◆ **What the task requires**
Please output exactly the part of the records below that opens with the line containing "Reliefs from the" and closes with the line containing "Getrockener Sonnenblumenstängel", both lines included, and nothing else.

◆ **Dataset content**
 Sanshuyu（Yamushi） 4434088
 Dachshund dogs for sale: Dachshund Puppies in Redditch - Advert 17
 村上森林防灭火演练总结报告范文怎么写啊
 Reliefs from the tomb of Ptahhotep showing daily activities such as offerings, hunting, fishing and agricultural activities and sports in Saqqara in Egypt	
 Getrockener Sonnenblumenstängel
...
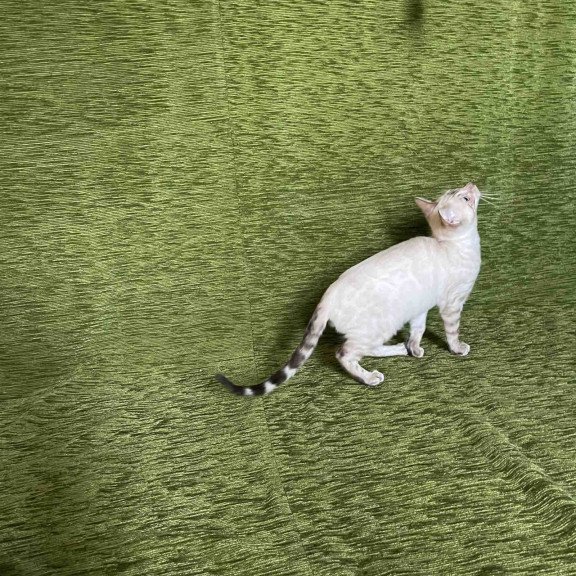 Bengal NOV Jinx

◆ **Expected answer**
 Reliefs from the tomb of Ptahhotep showing daily activities such as offerings, hunting, fishing and agricultural activities and sports in Saqqara in Egypt	
 Getrockener Sonnenblumenstängel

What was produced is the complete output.